Daí que nos venha à cabeça a questão essencial: e a nossa independência energética? É assim tão fácil deixar um país como Portugal a pão e água? Se os moinhos e fornos não forem eléctricos e a água canalizada? É assim tão fácil aos nossos parceiros europeus deixarem o país às escuras? Parece que sim. Agora percebemos melhor porque razão Victor Orban e Robert Fico não quiseram ficar nas mãos de Von Der Leyen e preferiram continuar a comprar gás à Rússia. Tivessem-no feito e já hoje não estariam no poder. Eis o independente e soberano que Portugal é! E quem são os responsáveis por tal traição? Quem é que decidiu que, a determinada altura, a nossa Constituição da República seria trocada pelas directivas de Bruxelas?

O facto é que a liberalização do mercado energético europeu permite às operadoras adquirirem energia no exterior sempre que economicamente vantajoso. No entanto, essa interdependência gera riscos estratégicos importantes, pois quando ocorre uma falha nos circuitos transfronteiriços, como aconteceu recentemente, países como Portugal ficam particularmente expostos, dada a baixa capacidade de produção nacional em momentos críticos, pois tendo em conta as palavras do responsável da REN (Rede Eléctrica Nacional), a produção nacional só é ligada quando se consome a energia nacional ou, quando esta é exportada. Assim, liga e desliga, aos soluços, deixando-nos vulneráveis aos apetites externos, de amigos e inimigos.

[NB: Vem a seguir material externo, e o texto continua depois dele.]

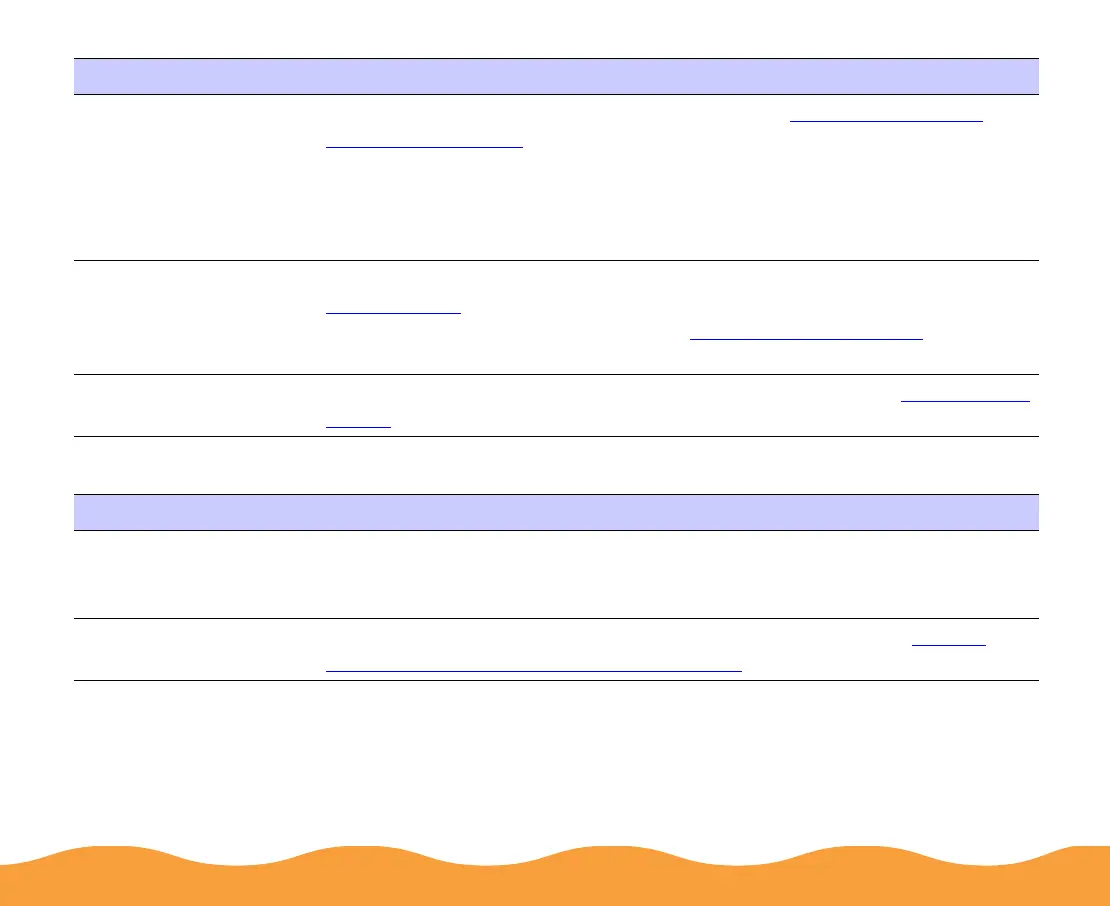 Page #129 background image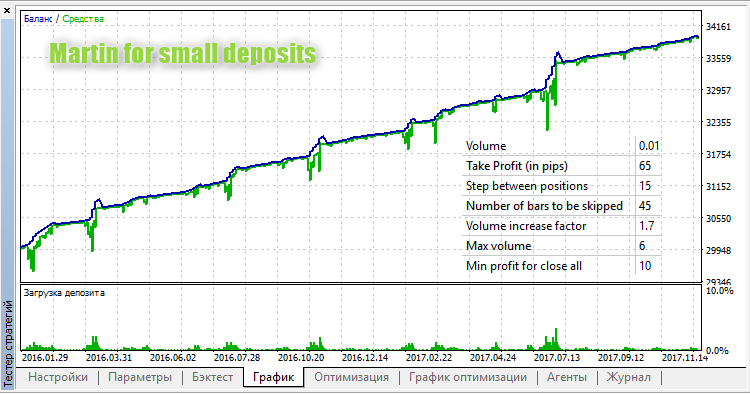 Martin for small deposits Martin for small deposits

Entre os principais responsáveis por este "apagão de Abril" estão os de sempre. O apagão eléctrico de Abril, não é apenas um apagão eléctrico. Depois de tudo o que aconteceu antes e durante as comemorações do 51.º aniversário da Revolução Portuguesa que nos libertou do fascismo (anulação das comemorações oficiais; grupo de extrema-direita infiltra-se entre manifestantes e agride-os inesperada e brutalmente; o governo português censurou do Relatório Nacional de Segurança Interna o perigo da radicalização adolescente por grupos de extrema direita), podemos mesmo dizer que este apagão com origem "liberal" bem demonstra que o liberalismo está a apagar, não apenas a luz, mas também os valores de Abril. Sendo que um deles, o mais importante de todos, para a nossa liberdade colectiva, consiste na Soberania Nacional.

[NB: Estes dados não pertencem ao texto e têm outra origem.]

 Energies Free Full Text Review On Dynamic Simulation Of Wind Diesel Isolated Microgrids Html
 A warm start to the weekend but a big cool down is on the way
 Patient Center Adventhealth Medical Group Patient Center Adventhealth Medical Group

Sem soberania energética, a nossa soberania nacional está fortemente ameaçada. Quando ouvimos Pedro Sanchez, Primeiro Ministro de Espanha, querer discutir o assunto até às ultimas consequências, só podemos questionar uma qcoisa: comos erá que demorou tanto tempo a constatar o perigo em que vivemos?

Faça-se a justiça ao único partido que  denunciou esta situação em todo Portugal, o PCP: "A sujeição a um contexto de dependência externa e de mercado liberalizado constitui um fator de insegurança para o país. Tudo isto reclama a inversão da política de abdicação nacional sobre os setores estratégicos e a garantia de um funcionamento articulado, coerente e eficaz do sistema elétrico nacional.".

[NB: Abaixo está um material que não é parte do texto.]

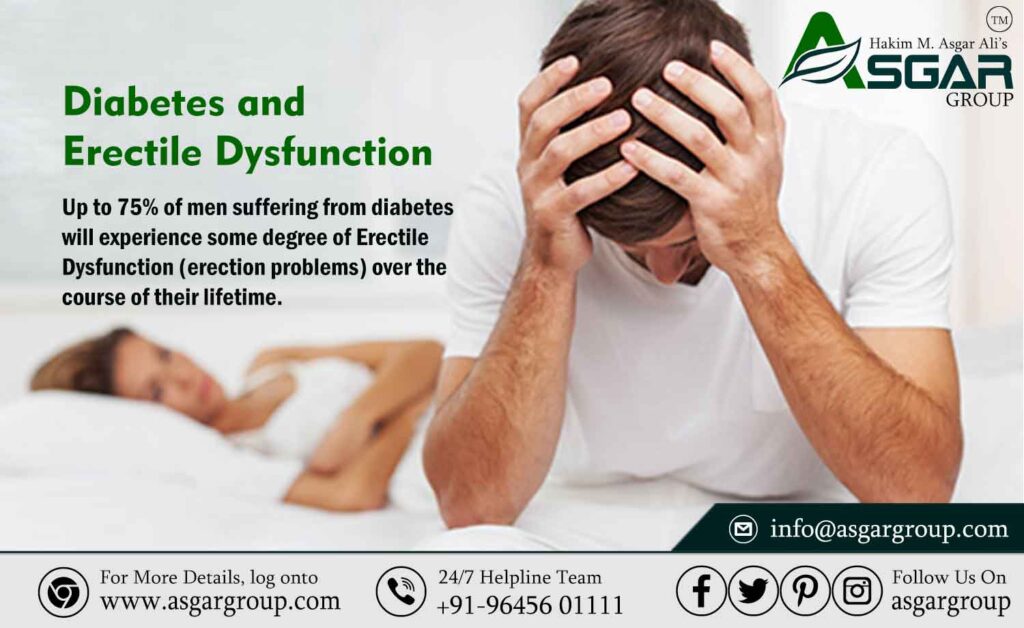 Diabetes-and-Sex-Erectile-dysfunction-Treatment-in-Roy-Medical-Centre-Kerala-Asgar-Healthcare-Group-Sexologist-in-India.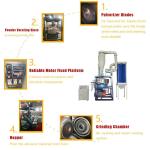 Plastic Disc Flour Mill Grinder Auxiliary Machine SUS304 3 Phases Pvc Scrap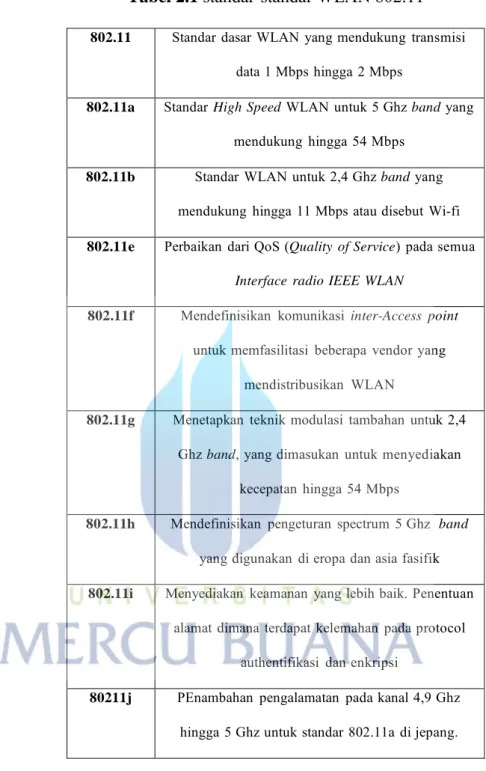 Tabel 2.1  standar-standar WLAN 802.11 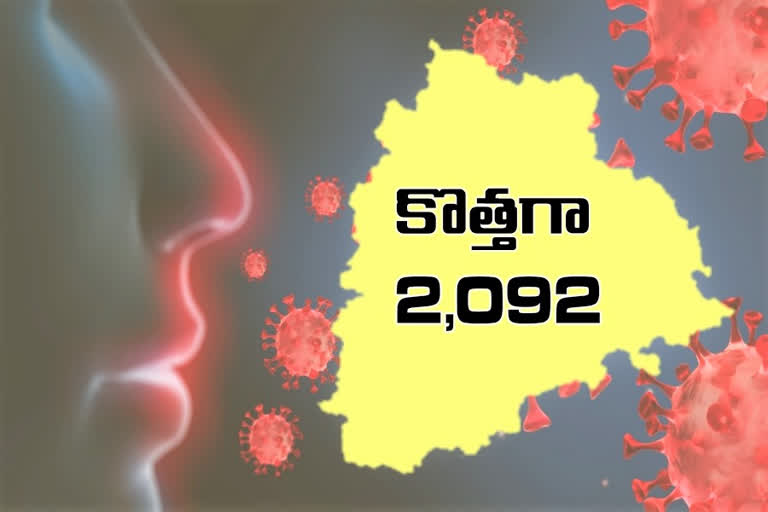 another-2092-corona-positive-cases-were-registered-in-the-telangana-state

Houve um outro que referiu a necessidade de se discutir o problema da propriedade pública dos sectores que determinam a nossa soberania energética, o BE, mas fê-lo sem nunca atacar o mal essencial: é que se hoje o sector energético português está entregue à rapina, a origem do problema chama-se União Europeia e a sua agenda neoliberal. Quando falarmos de algo, devemos fazê-lo até às últimas consequências e atacando os problemas de fundo. Porque este é daqueles problemas que pode matar ou salvar vidas. Ontem matou!

E com ele deveriam ter morrido as ilusões de quem vê alguma salvação nestas agendas belicistas, neoliberais e irresponsáveis da EU. Como demonstra a experiência, estando cá gente como Milei para o demonstrar, no fim da linha do liberalismo está o fascismo, a violência e a miséria.

Neste momento impõe-se uma tarefa ainda mais importante do que a da segurança energética. Impõe-se a recuperação da nossa independência nacional, da nossa liberdade como povo e nação mais antiga da Europa. O que não significa viver sem à parte dos outros. Antes, significa viver com eles, de peito cheio e cabeça erguida!

É hora de dizer não ao apagão de Abril.